Posted on Apr 11 • Edited on Apr 20

pygixml 0.10.0 released — A Faster, Smarter XML Parser for Python

#python #showdev #xml #cython

XML parsing in Python has had three choices for over a decade: ElementTree (slow but built-in), lxml (fast but heavy), and minidom (don't). I wanted something that sits at the intersection of speed, simplicity, and a small install footprint.

That's what pygixml is — a Cython wrapper around pugixml, one of the fastest C++ XML parsers in existence.

Version 0.10.0 just dropped, and it's the most significant release so far. Let's walk through what's new.

The Numbers (50 iterations, 5 000 elements)

Library	Avg Time	Speedup vs ElementTree
pygixml	0.0009 s	9.2× faster
lxml	0.0041 s	2.0× faster
ElementTree	0.0083 s	1.0× (baseline)

Memory usage tells a similar story: pygixml uses 0.67 MB at 5 000 elements vs ElementTree's 4.84 MB. And the installed package is just 0.45 MB, vs lxml's 5.48 MB, according to the pip-size report.

If you care about these numbers, the full benchmark suite covers 6 XML sizes (100 to 10 000 elements) and is included in the repo. Run it yourself:

git clone https://github.com/MohammadRaziei/pygixml.git
cd pygixml

cmake -B build
cmake --build build --target run_full_benchmarks
# or
pip install .
python benchmarks/full_benchmark.py

What's New in 0.10.0

1. `children()` — Iterate Direct Children (or All Descendants)

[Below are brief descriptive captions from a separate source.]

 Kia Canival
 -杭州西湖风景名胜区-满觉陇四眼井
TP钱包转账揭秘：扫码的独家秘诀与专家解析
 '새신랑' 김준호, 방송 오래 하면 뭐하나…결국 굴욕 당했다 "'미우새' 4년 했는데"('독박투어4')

Before 0.10.0, iterating over an element's children required manual sibling walking:

# The old way — walk siblings manually
child = node.first_child()
while child:
    if child.name == "student":
        process(child)
    child = child.next_sibling

Now you get a clean Pythonic iterator:

# Direct children only (default)
for child in node.children():
    process(child)

# All descendants in depth-first order
for descendant in node.children(recursive=True):
    process(descendant)

Text, comment, and processing-instruction nodes are automatically skipped — you only get element nodes.

2. `text()` — Recursive Text Extraction with Configurable Joins

Getting text out of an XML element shouldn't require walking the tree yourself. text() collects all text and CDATA nodes from the subtree and joins them:

doc = pygixml.parse_string("""
<article>
    <p>Hello <b>world</b>! This is <i>rich</i> text.</p>
</article>
""")
p = doc.root.child("p")

p.text()                     # "Hello\nworld!\nThis is\nrich\ntext."
p.text(recursive=False)      # "Hello "  (direct text only)
p.text(join=" ")             # "Hello world! This is rich text."

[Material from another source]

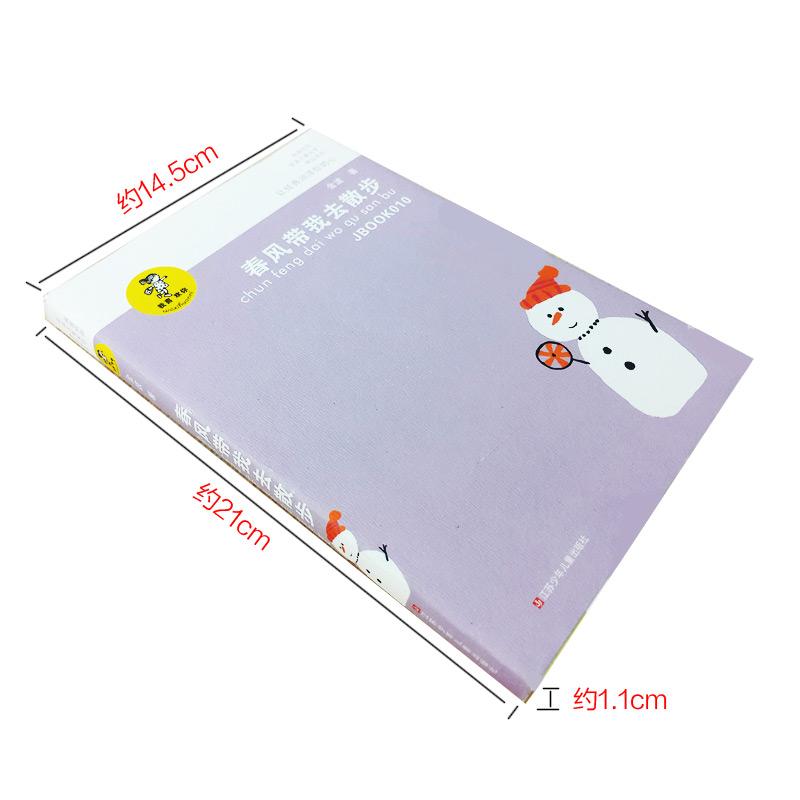 金波儿童文学精品系列·我喜欢你:春风带我去散步(新版)高清大图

For simple cases where you just want the first child's text, child_value("tag") is still there and is slightly faster.

3. `element.value = "text"` — Finally, This Works

Element nodes in pugixml don't store text directly — they contain child text nodes. In 0.10.0, setting .value on an element automatically creates or replaces that text child:

doc = pygixml.parse_string("<root><item/></root>")
item = doc.root.child("item")

item.value = "Hello"
print(item.value)   # "Hello"  ✅
print(item.text())  # "Hello"  ✅
# XML: <item>Hello</item>

# Replaces existing text
item.value = "World"
print(item.value)   # "World"

And reading back: element.value now returns the first text child's value (or None if there's no text), so set and get are symmetric.

4. `from_mem_id_unsafe()` — O(1) Node Lookup

This is the most powerful — and most dangerous — feature in 0.10.0.

Every XMLNode exposes a mem_id property: a unique numeric identifier derived from the node's internal address. You can use it to reconstruct a node later:

# Fast: O(1), direct pointer cast
node = pygixml.XMLNode.from_mem_id_unsafe(node_id)

# Safe but O(n): walks the tree
node = root.find_mem_id(node_id)

The difference is O(1) vs O(n). But from_mem_id_unsafe treats the identifier as a raw pointer — if the document was freed or the node deleted, using it will cause a segfault.

When to use it: only in performance-critical paths where you've profiled and confirmed that find_mem_id's tree walk is a bottleneck. For most code, find_mem_id is the right choice.

The mem_id system is also hashable, making it ideal for dictionary-based caching.

Why aren't `XMLNode` objects hashable?

You might wonder why you can't just do cache[node] = data. The reason is intentional: XMLNode objects are mutable — you can rename them, change their content, add children, and so on. In Python, mutable objects shouldn't be hashable, because their identity and equivalence would break the moment you modify them. Using mem_id as the key makes the contract explicit: the integer is stable and hashable, while the node wrapper is transient.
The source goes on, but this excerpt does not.